In een Facebookgroep over oud Brussel vraagt iemand wat een mastel is. Ze kent die alleen van de uitdrukking: 'k gon a een mastelle verkuupe, wat hier een oorveeg betekent.

Wij weten dat het over een gebakje gaat, een broodje met kaneel en een gat (of toch minstens een putje) in het midden. Bij de Franstalige Brusselaars lijkt die herinnering zo goed als verdwenen. Ik moet trouwens toegeven dat ook ik in mijn leven nog nooit een mastel heb gegeten, laat staan er een verkocht.

Gentenaars roepen van hun belfort dat mastellen een typisch Gents gebak zijn. Zij dwalen. Even rondvragen en ik hoor dat ze nog gebakken worden in Ninove, in Aalst en in Sint-Niklaas. Maar zover ik weet dus niet meer in Brussel, al was dat vroeger wel anders. De Vlaamse bakkers zijn hier dan ook bijna allemaal met pensioen.

Aalsterse vlaai
“Iedereen weet” – altijd een gevaarlijke bewering – dat Aalsterse vlaai gemaakt wordt van oude mastellen. Gezien die Aalsterse vlaai een smakelijke, maar bruine elastische rubberige massa is, kun je daar nog niet echt uit opmaken hoe een mastel er hoort uit te zien, laat staan te smaken. En daar niet alleen: in Aat in Picardisch Wallonië eet men la tarte à mastelles. Waar in Aalst de vlaai een soort mastellenbodding is, heeft die van Aat een echte taartbodem van kruimeldeeg met daarop een vulling van gestampte mastellen en macarons (en nog van alles).

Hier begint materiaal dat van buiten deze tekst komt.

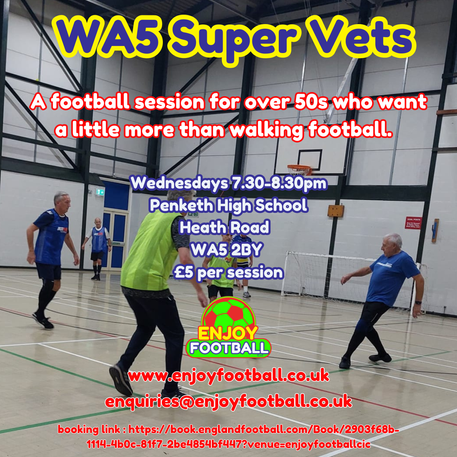 Wednesday night Walking Football session no longer Walking Football.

Het gaatje in de mastel is daarbij tekenend: zo'n broodje werd bijgehouden voor geval van ziekte, en dus in de keuken opgehangen buiten het bereik van kinderen en dieren
Om het verhaal weer helemaal ingewikkeld te maken zijn er ook elders mastellen: in Hannuit en in Namen bakt men mastelles, maar behalve het deeg is de vormgeving en versiering helemaal anders. Meer zoals de 'acht' voor bij de zondagse koffie. Men kan deze mastelles ook eten in Fosses, in Dinant en in Hastière. In Aire-sur-la-Lys in Frankrijk ten slotte, niet ver van Saint-Omer, noemen ze mastelle een droog koekje van amandelpoeder.

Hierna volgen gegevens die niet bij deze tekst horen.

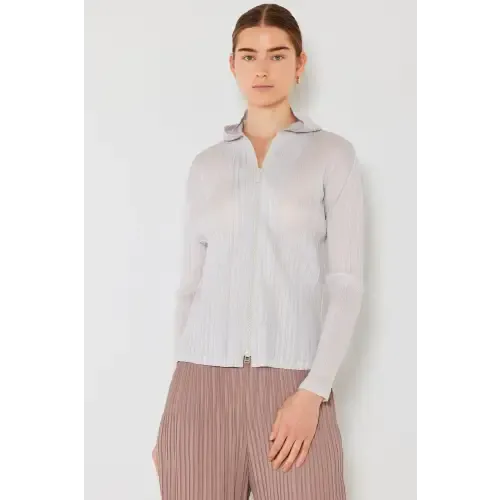 Pleated Hood Jacket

Maar laten we terugkeren naar de mastel sensu stricto, dan zien we dus een verspreiding in de Dendervallei, waarin zowel Aat als Ninove en Aalst liggen. De traditie had dan uitlopers naar het Pajottenland en Brussel, Gent en het Waasland?

Gezegende mastellen
De mastel is blijkbaar een broodje dat eerst gebakken werd in kloosters en ritueel werd gezegend, en verkocht als geneesmiddel tegen hondsdolheid en meer. Het gaatje in de mastel is daarbij tekenend: zo'n broodje werd bijgehouden voor geval van ziekte, en dus in de keuken opgehangen buiten het bereik van kinderen en dieren. Dat gaatje was er om een stok of koord door te rijgen. De broodjes werden gebakken (allicht zonder zout), zodat ze goed droogden en niet slecht werden bij bewaring. Wanneer dan nieuwe gezegende mastellen in huis kwamen bij het volgende heiligenfeest, konden de droge oude worden klaargemaakt, verkruimeld in een vlaai of taart. Of weet iemand iets anders?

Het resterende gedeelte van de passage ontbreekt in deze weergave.